We are all in favour of getting NHS waiting lists down. Patients need timely appointments and prompt treatments. The government has announced a substantial unspecified portion of the £36bn extra in one announcement over three years to tackle waiting lists, money to be shared and transferred eventually to social care. It has announced another £8bn added to future budgets. I asked some questions about how this money is going to be spent.
When I asked how many extra medical staff will be recruited using the £ 8bn I was told “We are working closely with NHS England and NHS Improvement to develop a plan for how that funding will be used including workforce requirements and additional medical posts that may be needed”.
When I asked where was the plan to reduce waiting lists I was told they aim to publish “an elective recovery delivery plan ” in November. They have explained that they added £1bn to this year’s £1bn Elective Recovery fund and aim to spend the £8bn over the three years 2022/3 to 2024/5. When I asked about the NI surcharge money they said they are “working with NHS England and NHS Improvement to develop a plan of how that funding will be used”
When I asked how much the property costs would be of setting up new NHS diagnostic centres they told me the small and precise figure of £55m. That implies a plan with proper costings for that venture. I look forward to seeing how many centres that buys. The bigger cost will of course be staffing them. When I asked about the value for money of the Test and Trace programme I was told there will be a value for money report on that in the late autumn this year.
I was somewhat surprised by these answers. Given the strength and depth of NHS management I thought they would have put together a plan to bid for funds from the Treasury for the waiting list work. I would have expected the workforce requirements to be the main feature and cost in the plan. I would have expected the Treasury to require detail over how waiting lists were to be brought down before placing a firm sum into the budget. I would also have expected the Treasury to have pushed back on the huge Test and Trace budget to see if some of this year’s allocation could be transferred to waiting list work. There are other elements in the large and fast growing health budget of the last two years that also need examining, as they should have been one off and set up costs brought on by the pandemic. There is a general attempt in the Red Book to distinguish between one off and regular spending.

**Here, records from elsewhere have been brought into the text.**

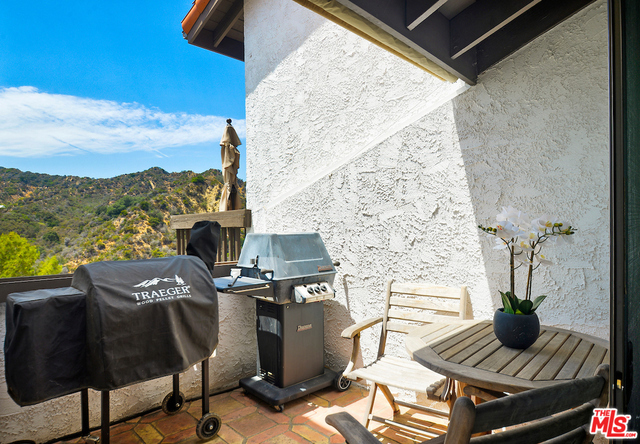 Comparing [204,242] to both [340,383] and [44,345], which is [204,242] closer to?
[44,345]

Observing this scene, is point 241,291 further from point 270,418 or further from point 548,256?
point 548,256

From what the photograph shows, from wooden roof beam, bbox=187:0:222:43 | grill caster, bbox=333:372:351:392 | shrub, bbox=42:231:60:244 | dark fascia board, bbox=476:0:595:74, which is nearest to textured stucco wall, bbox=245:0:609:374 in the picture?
dark fascia board, bbox=476:0:595:74

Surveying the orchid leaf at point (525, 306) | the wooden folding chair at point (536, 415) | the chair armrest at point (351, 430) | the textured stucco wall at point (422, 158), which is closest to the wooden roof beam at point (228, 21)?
the textured stucco wall at point (422, 158)

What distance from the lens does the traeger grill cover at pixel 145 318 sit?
1.87 meters

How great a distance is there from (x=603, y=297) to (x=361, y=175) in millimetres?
2144

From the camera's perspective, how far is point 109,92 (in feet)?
34.5

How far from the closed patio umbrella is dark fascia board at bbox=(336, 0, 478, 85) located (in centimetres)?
299

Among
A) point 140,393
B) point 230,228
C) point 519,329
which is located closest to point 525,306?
point 519,329

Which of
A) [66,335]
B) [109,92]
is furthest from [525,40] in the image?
[109,92]

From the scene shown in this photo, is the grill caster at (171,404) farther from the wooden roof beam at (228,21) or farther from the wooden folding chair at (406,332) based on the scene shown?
the wooden roof beam at (228,21)

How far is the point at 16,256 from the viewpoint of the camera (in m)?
2.69

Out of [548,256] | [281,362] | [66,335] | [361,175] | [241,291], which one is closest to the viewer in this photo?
[66,335]

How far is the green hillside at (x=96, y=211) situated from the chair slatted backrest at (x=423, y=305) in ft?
7.89

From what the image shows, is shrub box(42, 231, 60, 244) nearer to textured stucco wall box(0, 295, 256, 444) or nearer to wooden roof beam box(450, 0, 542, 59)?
textured stucco wall box(0, 295, 256, 444)
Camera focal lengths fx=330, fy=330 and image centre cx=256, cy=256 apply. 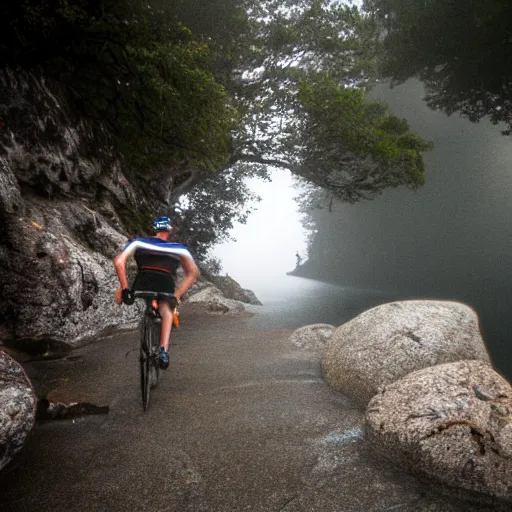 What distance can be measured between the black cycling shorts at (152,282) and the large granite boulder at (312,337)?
4.15 meters

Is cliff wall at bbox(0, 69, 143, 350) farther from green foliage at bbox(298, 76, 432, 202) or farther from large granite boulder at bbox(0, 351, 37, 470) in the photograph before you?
green foliage at bbox(298, 76, 432, 202)

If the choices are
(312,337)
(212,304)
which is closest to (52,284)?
(312,337)

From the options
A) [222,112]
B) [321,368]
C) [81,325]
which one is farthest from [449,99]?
[81,325]

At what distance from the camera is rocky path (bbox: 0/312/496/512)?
281 centimetres

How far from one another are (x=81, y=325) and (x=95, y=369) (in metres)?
1.56

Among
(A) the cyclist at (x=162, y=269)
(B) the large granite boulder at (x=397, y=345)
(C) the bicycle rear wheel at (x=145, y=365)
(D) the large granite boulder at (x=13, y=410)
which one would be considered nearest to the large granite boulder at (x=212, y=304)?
(B) the large granite boulder at (x=397, y=345)

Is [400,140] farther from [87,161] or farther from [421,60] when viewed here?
[87,161]

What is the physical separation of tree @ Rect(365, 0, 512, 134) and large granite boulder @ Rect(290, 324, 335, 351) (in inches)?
449

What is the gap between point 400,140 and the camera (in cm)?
1580

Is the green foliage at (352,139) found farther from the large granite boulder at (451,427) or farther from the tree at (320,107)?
the large granite boulder at (451,427)

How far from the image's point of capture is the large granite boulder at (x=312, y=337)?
25.0ft

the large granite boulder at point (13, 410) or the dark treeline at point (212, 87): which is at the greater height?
the dark treeline at point (212, 87)

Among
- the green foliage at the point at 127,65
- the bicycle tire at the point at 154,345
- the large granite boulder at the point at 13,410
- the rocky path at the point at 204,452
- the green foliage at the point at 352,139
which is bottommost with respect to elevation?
the rocky path at the point at 204,452

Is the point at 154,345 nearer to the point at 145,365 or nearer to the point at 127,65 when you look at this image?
the point at 145,365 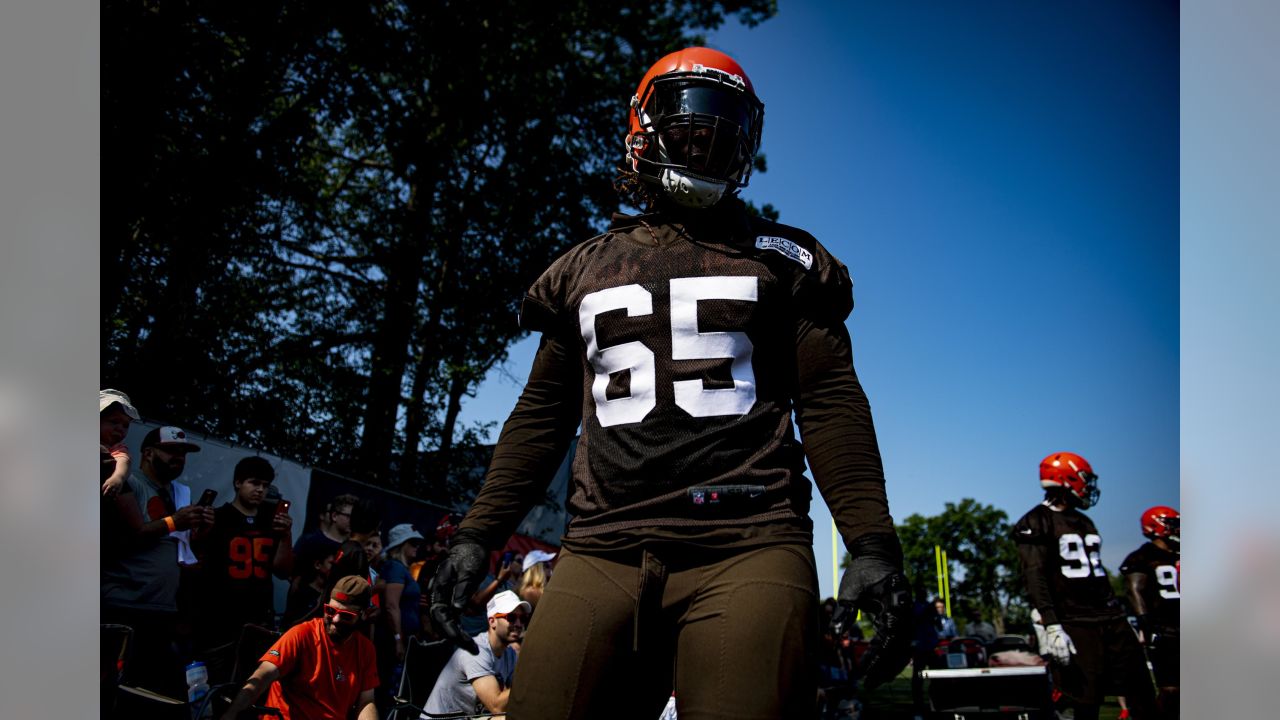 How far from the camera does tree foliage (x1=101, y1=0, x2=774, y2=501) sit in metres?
10.5

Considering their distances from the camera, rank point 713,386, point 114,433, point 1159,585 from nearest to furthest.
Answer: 1. point 713,386
2. point 114,433
3. point 1159,585

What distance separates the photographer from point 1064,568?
7625mm

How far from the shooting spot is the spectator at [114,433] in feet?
17.6

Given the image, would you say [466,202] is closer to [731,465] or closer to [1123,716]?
[1123,716]

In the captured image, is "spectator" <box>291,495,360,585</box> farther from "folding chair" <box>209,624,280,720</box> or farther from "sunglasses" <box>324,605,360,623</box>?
"sunglasses" <box>324,605,360,623</box>

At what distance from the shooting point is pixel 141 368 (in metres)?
10.9

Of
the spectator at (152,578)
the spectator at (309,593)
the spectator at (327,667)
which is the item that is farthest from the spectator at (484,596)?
the spectator at (152,578)

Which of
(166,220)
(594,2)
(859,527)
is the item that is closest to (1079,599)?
(859,527)

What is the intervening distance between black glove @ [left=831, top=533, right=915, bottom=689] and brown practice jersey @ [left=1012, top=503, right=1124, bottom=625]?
19.7 feet

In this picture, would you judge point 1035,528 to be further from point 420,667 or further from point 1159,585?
point 420,667

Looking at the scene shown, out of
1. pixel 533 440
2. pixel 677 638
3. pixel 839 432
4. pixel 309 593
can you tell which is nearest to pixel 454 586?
pixel 533 440

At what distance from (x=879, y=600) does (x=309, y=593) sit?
565 centimetres

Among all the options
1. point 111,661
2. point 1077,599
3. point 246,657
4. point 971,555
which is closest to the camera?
point 111,661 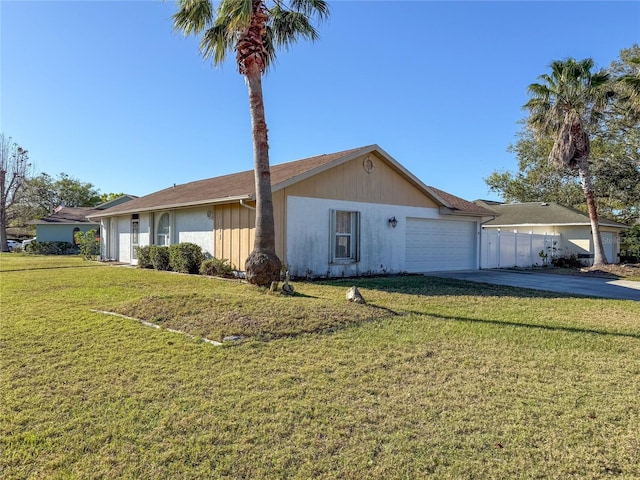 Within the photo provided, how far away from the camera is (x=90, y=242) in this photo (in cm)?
2297

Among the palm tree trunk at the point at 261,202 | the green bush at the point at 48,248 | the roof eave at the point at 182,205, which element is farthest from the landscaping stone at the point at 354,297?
the green bush at the point at 48,248

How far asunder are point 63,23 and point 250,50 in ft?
16.3

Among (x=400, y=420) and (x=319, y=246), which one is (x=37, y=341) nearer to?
(x=400, y=420)

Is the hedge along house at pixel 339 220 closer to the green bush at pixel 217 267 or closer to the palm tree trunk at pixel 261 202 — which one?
Answer: the green bush at pixel 217 267

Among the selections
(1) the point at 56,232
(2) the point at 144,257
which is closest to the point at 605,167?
(2) the point at 144,257

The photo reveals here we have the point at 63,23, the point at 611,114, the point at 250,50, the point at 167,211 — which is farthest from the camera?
the point at 611,114

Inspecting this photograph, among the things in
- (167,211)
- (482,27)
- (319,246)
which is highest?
(482,27)

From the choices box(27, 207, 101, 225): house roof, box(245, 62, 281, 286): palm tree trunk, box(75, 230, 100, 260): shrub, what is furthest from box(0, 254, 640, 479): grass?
box(27, 207, 101, 225): house roof

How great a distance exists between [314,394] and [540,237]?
21.6 meters

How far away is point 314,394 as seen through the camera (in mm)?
3895

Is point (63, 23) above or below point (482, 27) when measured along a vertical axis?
below

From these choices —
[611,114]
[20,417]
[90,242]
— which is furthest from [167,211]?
[611,114]

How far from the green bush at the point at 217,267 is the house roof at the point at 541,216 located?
52.0ft

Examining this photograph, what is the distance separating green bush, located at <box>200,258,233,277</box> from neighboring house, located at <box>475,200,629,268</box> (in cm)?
1165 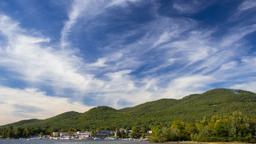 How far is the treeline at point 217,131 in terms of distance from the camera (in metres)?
131

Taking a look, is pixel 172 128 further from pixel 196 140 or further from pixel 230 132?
pixel 230 132

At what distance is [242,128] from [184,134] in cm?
2440

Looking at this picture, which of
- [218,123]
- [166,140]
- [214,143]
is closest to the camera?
[214,143]

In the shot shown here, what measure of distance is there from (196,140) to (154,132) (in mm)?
21679

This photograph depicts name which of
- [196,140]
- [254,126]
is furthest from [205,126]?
[254,126]

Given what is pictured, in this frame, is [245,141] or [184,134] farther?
[184,134]

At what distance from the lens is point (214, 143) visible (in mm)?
126875

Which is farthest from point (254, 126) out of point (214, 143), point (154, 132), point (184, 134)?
point (154, 132)

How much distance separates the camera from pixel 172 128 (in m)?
153

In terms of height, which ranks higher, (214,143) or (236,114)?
(236,114)

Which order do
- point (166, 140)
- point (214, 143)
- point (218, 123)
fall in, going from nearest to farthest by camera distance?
point (214, 143)
point (218, 123)
point (166, 140)

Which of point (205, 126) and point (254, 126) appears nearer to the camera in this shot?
point (254, 126)

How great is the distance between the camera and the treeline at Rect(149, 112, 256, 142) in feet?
431

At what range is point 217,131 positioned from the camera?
447 ft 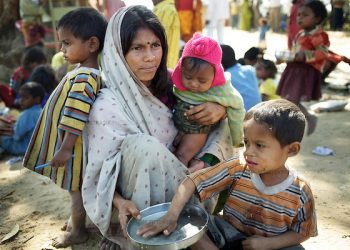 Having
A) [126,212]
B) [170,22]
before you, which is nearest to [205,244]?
[126,212]

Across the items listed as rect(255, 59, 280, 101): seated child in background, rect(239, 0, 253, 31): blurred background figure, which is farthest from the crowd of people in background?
rect(239, 0, 253, 31): blurred background figure

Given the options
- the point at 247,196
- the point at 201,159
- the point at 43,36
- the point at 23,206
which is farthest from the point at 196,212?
the point at 43,36

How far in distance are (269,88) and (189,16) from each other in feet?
6.47

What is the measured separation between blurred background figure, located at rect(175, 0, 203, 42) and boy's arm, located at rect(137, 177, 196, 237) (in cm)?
481

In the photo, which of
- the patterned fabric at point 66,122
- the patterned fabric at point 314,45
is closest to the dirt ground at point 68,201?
the patterned fabric at point 66,122

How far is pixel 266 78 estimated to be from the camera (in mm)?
5840

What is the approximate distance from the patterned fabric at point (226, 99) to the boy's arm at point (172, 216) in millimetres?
522

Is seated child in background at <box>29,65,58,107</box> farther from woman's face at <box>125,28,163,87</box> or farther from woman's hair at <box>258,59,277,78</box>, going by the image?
woman's face at <box>125,28,163,87</box>

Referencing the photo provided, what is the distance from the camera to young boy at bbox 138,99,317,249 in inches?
72.9

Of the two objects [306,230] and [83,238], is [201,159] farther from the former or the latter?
[83,238]

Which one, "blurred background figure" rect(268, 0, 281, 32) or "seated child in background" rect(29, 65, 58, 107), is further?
"blurred background figure" rect(268, 0, 281, 32)

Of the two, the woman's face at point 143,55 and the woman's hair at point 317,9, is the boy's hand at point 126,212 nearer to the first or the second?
the woman's face at point 143,55

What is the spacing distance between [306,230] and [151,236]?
0.74m

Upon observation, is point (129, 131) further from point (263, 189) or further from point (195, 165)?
point (263, 189) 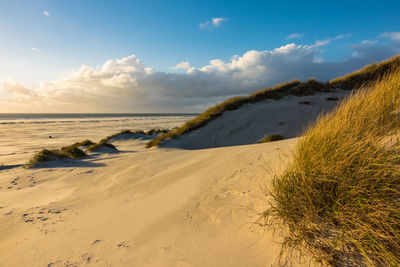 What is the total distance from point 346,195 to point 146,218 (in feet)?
7.15

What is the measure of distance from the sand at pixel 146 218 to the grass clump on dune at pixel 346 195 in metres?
0.33

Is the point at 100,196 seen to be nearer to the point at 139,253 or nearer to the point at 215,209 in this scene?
the point at 139,253

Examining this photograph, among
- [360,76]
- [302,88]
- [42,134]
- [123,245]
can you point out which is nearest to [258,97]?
[302,88]

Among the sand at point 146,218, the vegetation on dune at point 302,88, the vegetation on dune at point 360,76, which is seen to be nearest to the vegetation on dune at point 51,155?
the sand at point 146,218

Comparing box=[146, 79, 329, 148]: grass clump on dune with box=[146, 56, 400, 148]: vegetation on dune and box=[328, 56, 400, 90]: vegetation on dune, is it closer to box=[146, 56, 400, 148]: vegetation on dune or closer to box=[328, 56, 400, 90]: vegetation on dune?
box=[146, 56, 400, 148]: vegetation on dune

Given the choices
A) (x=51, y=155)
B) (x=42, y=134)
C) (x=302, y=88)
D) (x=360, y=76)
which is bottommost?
(x=51, y=155)

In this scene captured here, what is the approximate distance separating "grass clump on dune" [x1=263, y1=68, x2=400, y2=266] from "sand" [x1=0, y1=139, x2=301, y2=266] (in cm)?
33

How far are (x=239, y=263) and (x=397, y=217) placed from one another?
4.07 feet

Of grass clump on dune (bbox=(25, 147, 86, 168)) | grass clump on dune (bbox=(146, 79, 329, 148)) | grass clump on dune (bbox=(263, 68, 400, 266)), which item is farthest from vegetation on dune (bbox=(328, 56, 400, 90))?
grass clump on dune (bbox=(25, 147, 86, 168))

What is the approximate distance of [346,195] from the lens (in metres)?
1.57

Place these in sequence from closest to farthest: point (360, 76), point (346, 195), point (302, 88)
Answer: point (346, 195) → point (302, 88) → point (360, 76)

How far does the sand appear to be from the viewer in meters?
1.72

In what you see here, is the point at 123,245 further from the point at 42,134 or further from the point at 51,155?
A: the point at 42,134

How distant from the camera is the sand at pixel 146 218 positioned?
172cm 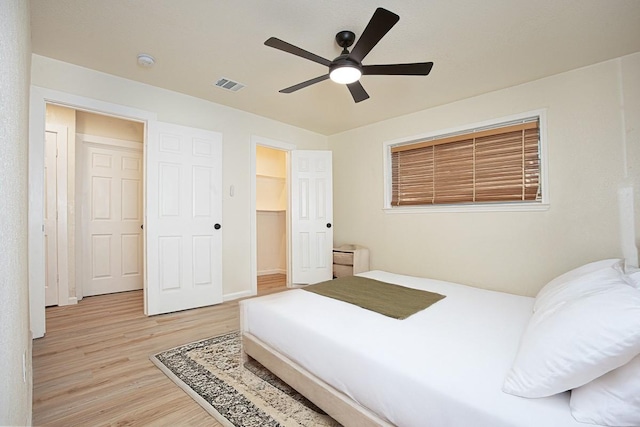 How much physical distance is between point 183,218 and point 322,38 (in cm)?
245

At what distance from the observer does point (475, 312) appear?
1859 millimetres

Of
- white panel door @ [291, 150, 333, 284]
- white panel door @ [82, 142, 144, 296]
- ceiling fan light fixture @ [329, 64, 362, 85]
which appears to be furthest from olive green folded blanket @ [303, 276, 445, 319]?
white panel door @ [82, 142, 144, 296]

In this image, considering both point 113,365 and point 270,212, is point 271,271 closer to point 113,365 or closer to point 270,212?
point 270,212

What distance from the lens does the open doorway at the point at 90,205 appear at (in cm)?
360

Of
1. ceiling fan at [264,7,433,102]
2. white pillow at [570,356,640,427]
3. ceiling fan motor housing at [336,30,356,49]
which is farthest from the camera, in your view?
ceiling fan motor housing at [336,30,356,49]

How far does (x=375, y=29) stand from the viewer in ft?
5.67

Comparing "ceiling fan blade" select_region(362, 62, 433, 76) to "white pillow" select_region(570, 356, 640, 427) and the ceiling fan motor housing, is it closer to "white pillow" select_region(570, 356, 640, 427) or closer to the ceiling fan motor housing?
the ceiling fan motor housing

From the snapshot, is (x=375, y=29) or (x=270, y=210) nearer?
(x=375, y=29)

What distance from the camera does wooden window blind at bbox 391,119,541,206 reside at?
3193 millimetres

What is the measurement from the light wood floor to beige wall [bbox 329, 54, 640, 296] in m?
2.61

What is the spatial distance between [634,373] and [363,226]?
3.77 m

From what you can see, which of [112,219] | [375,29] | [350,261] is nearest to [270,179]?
[350,261]

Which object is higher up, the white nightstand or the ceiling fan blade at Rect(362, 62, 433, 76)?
the ceiling fan blade at Rect(362, 62, 433, 76)

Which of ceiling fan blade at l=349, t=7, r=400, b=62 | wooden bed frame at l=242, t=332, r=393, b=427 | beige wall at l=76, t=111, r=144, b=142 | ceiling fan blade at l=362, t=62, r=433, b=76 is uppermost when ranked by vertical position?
beige wall at l=76, t=111, r=144, b=142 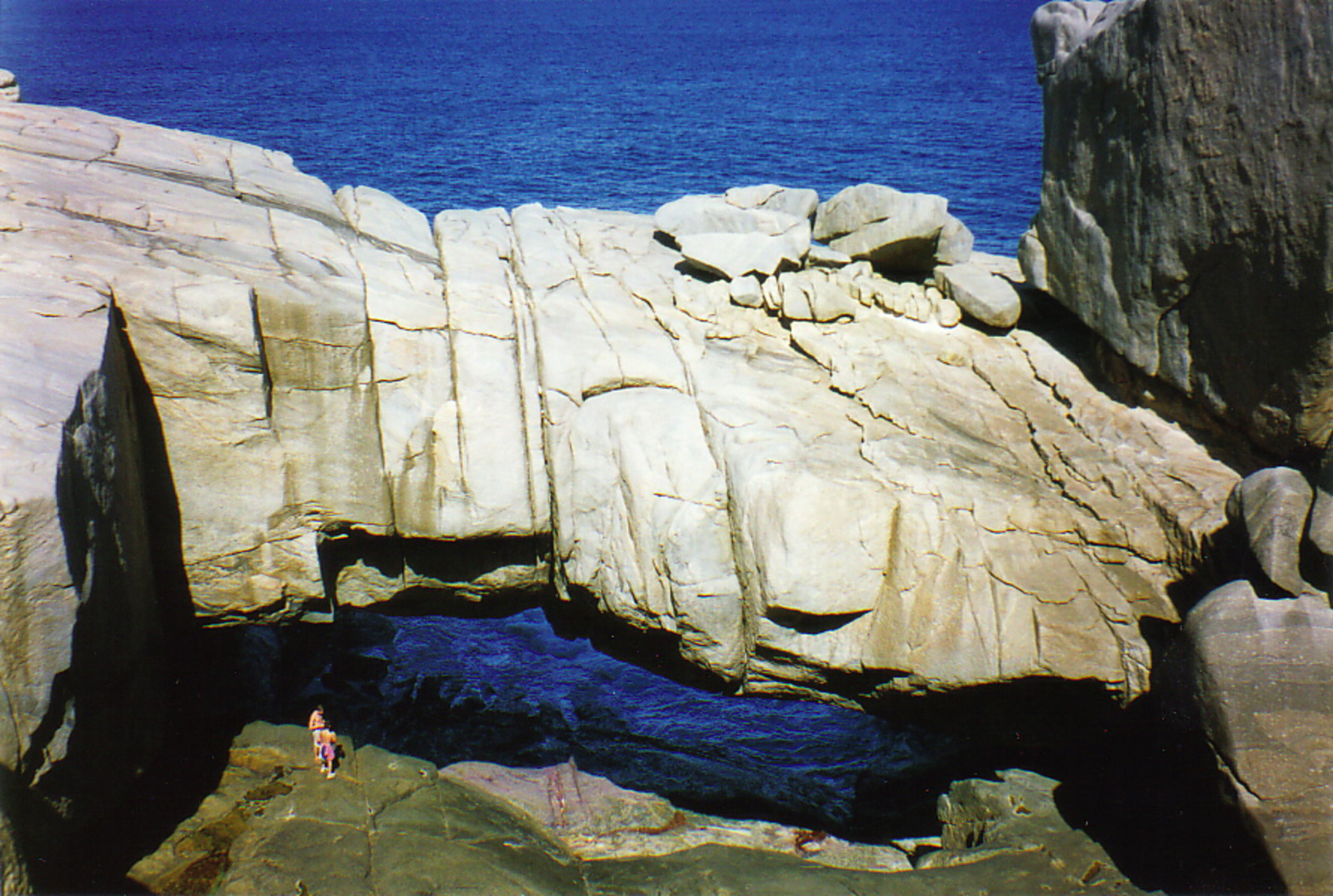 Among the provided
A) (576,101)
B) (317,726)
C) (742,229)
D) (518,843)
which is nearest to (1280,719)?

Presumably the costs of establishing then standing down the Nightingales was a one off . Presumably necessary work on better controls over airflows and air cleaning to curb infection spread has all been done by now, and those items should drop out of budgets. Presumably fewer of the workforce are now having to self isolate or be off sick as the Covid case rate in hospital declines and as serious infections wane thanks to widespread vaccination. All that should help improve the ability of the hospitals to tackle backlogs and to get staff back to more normal duties and routines. I will watch out for the plan to get the lists down, and will ask further questions to see how they are getting on. They were not able to tell me how many Chief Executives the various parts of the English NHS now employs. I would have thought someone would keep a record of that, as they all get paid.